SWT declared a climate emergency in 2019 and made a commitment to reach net zero emissions by 2030. The outcome was a climate action plan that is updated annually and a climate and biodiversity working group. There is a terrific article by James Drever in the recent autumn edition of our membership magazine Wildlife. This explains what the Trust as an organisation has been doing to reduce emissions of CO2 from its operations and activities.
We all love wildlife and the natural environment. We understand more than most the implications of biodiversity losses and how global heating is going to accelerate the changes in our natural environment. We can explain the implications of the interlinked climate emergency and biodiversity crisis to those around us. The message needs to be simple. The blanket of pollution trapping heat on Earth is made worse by burning more coal, oil, and gas. Another ten years of incremental changes will not be enough.

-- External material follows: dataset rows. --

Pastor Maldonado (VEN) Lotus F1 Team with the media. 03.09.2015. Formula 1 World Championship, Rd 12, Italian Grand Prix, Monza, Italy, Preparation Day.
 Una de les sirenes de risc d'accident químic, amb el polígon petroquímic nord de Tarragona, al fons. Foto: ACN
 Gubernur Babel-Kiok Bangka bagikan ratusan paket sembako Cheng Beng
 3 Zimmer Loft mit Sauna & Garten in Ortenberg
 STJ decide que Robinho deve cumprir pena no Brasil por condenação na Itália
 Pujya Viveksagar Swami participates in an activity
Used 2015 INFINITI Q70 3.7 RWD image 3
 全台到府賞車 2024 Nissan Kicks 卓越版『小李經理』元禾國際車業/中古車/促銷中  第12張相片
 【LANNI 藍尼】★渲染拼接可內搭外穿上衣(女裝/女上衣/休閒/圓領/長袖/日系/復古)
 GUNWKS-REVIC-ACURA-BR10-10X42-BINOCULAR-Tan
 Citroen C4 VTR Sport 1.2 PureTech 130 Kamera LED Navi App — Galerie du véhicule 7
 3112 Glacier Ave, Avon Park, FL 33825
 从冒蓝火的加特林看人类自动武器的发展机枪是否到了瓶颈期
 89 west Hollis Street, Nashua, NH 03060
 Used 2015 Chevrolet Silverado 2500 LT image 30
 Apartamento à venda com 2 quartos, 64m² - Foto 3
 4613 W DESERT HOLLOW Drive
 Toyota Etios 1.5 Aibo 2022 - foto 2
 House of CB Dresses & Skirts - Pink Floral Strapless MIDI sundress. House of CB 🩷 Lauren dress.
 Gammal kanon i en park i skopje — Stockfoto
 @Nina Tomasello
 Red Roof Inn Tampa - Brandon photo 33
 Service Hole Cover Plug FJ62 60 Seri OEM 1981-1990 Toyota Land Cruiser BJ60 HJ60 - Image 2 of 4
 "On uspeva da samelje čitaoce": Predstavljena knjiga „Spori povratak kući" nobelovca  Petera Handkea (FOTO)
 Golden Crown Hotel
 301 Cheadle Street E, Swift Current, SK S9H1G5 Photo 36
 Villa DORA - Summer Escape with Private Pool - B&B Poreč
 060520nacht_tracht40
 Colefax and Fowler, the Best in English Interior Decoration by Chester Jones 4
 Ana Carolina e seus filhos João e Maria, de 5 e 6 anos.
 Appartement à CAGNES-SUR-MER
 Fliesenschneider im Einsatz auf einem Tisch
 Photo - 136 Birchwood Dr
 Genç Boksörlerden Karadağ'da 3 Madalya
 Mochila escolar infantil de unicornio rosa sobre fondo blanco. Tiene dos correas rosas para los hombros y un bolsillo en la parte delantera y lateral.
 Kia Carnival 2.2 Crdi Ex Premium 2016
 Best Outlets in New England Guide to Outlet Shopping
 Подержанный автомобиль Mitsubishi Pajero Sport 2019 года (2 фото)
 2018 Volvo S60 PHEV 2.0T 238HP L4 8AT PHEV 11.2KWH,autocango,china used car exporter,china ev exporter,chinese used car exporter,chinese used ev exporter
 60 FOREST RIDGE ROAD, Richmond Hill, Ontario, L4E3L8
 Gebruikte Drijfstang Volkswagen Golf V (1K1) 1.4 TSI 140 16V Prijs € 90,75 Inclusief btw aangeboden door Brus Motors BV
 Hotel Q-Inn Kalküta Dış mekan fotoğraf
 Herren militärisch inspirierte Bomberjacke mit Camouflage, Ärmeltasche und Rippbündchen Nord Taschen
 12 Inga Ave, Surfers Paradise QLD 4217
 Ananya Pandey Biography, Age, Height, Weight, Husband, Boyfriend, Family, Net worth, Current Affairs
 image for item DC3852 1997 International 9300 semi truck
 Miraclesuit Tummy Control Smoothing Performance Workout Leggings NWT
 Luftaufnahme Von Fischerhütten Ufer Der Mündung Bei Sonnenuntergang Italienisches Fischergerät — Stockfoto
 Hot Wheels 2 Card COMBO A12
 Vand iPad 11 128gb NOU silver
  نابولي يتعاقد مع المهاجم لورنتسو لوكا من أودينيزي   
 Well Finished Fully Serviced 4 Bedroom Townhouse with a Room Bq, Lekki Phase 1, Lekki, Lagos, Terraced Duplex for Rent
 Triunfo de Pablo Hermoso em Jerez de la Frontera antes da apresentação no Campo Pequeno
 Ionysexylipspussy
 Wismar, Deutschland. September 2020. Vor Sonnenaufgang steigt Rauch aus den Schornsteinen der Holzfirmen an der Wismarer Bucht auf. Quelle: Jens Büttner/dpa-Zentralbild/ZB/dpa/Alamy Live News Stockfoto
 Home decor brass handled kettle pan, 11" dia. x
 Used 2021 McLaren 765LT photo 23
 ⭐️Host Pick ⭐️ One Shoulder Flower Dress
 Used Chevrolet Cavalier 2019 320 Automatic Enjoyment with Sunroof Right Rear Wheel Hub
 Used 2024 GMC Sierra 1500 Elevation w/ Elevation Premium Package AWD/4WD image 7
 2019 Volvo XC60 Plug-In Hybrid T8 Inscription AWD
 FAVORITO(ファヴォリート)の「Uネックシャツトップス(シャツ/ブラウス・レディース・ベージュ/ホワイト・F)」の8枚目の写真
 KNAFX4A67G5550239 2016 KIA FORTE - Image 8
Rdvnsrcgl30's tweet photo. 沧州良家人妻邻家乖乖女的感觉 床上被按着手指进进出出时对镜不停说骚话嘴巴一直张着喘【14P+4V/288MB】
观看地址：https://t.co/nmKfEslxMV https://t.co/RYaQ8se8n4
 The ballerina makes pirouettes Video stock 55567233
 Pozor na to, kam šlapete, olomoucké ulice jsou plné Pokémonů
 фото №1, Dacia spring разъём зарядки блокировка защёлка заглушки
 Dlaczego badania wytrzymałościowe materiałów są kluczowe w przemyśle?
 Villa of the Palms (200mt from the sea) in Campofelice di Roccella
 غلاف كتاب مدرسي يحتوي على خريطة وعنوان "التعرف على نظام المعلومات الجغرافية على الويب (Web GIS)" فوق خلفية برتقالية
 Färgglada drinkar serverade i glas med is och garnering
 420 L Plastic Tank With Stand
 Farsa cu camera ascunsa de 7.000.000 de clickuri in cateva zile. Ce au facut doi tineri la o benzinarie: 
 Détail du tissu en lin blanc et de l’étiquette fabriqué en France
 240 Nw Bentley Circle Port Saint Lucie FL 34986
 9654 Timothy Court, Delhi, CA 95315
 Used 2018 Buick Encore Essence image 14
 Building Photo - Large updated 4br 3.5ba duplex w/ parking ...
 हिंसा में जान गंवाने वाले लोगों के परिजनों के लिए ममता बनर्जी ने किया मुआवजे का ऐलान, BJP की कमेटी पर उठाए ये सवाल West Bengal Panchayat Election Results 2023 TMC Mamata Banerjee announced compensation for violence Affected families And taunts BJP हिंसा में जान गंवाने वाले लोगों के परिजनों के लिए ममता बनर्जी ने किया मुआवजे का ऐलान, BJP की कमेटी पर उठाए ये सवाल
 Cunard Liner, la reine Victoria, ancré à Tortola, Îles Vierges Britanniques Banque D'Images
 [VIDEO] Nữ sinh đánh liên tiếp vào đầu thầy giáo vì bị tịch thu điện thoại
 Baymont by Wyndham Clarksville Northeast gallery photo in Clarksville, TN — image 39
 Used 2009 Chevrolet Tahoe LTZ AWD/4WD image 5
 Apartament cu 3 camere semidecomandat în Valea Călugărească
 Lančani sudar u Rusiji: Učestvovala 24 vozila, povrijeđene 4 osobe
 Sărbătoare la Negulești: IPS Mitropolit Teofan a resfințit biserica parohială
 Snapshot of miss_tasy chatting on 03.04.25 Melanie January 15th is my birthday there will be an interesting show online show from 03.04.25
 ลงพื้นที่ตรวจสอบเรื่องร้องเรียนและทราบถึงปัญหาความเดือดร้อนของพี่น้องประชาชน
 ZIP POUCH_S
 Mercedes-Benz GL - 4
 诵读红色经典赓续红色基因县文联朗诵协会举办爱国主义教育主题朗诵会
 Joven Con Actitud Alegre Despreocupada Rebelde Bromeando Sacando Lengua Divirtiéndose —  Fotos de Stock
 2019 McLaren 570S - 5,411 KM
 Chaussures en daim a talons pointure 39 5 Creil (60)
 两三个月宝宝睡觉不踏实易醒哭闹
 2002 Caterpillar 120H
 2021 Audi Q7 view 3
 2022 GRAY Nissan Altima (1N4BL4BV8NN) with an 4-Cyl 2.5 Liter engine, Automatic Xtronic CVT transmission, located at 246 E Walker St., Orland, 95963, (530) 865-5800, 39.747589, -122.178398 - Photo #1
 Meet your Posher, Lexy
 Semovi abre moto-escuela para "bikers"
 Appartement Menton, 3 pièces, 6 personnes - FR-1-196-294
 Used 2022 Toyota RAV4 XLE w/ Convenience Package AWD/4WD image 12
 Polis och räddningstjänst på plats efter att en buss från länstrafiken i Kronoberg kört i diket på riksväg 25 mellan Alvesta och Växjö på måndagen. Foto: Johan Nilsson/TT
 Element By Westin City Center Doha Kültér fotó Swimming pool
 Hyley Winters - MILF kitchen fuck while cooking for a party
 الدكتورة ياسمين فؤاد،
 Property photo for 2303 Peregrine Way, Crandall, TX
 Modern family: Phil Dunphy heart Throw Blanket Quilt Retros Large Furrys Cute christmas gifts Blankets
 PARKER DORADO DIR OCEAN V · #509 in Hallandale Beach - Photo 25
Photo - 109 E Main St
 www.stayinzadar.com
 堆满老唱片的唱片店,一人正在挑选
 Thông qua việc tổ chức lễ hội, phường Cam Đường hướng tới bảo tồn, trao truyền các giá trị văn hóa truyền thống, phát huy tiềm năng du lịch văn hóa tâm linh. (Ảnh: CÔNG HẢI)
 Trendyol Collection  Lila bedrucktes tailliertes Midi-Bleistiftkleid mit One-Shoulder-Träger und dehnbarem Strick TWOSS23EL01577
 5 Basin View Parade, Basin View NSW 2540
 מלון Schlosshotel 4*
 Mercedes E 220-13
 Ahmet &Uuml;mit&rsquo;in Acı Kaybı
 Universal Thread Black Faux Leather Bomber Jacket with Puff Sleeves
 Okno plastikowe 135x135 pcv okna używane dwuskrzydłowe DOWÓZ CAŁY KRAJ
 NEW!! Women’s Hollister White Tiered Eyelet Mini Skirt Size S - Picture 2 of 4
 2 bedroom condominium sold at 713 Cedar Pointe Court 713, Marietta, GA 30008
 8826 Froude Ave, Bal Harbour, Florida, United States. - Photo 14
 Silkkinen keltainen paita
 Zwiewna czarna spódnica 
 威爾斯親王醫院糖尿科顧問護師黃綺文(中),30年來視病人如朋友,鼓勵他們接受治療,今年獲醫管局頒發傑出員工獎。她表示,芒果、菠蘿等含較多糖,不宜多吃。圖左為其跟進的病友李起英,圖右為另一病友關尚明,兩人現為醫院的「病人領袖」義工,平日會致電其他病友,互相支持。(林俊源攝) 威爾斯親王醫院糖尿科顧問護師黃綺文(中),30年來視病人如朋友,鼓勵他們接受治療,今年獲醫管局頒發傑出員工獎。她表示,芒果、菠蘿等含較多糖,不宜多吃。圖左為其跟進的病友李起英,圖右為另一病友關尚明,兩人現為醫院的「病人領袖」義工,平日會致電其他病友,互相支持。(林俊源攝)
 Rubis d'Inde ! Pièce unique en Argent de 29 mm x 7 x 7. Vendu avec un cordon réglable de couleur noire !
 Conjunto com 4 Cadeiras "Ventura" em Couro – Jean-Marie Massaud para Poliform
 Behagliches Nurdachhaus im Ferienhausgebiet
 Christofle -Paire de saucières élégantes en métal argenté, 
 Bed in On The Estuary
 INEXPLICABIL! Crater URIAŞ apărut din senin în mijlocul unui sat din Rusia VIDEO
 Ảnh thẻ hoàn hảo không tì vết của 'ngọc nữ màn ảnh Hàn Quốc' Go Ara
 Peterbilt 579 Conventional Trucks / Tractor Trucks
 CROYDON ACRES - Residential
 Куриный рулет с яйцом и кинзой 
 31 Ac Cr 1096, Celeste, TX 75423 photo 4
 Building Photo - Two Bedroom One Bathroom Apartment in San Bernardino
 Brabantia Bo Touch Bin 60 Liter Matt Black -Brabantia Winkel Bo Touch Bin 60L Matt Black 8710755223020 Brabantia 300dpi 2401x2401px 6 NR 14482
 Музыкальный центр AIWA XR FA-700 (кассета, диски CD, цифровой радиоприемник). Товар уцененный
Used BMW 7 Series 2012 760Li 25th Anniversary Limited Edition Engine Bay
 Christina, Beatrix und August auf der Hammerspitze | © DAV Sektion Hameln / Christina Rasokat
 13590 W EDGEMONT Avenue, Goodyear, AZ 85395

Tackling global heating and climate change and reversing ongoing declines in biodiversity are so often linked. Fenn’s, Whixall and Bettisfield Mosses NNR on the Shropshire/Wrexham border is a good demonstration of nature recovery in practice. One of Britain’s largest lowland raised bogs is being restored after many years of damage from drainage and peat removal. Actively growing bog vegetation captures CO2 and the carbon is held in the deeper peat layers. The restoration works have been significantly helped by the current £5 million grant from EU-LIFE under the Marches Mosses BogLIFE Project, a partnership of Natural England, Shropshire Wildlife Trust and NRW.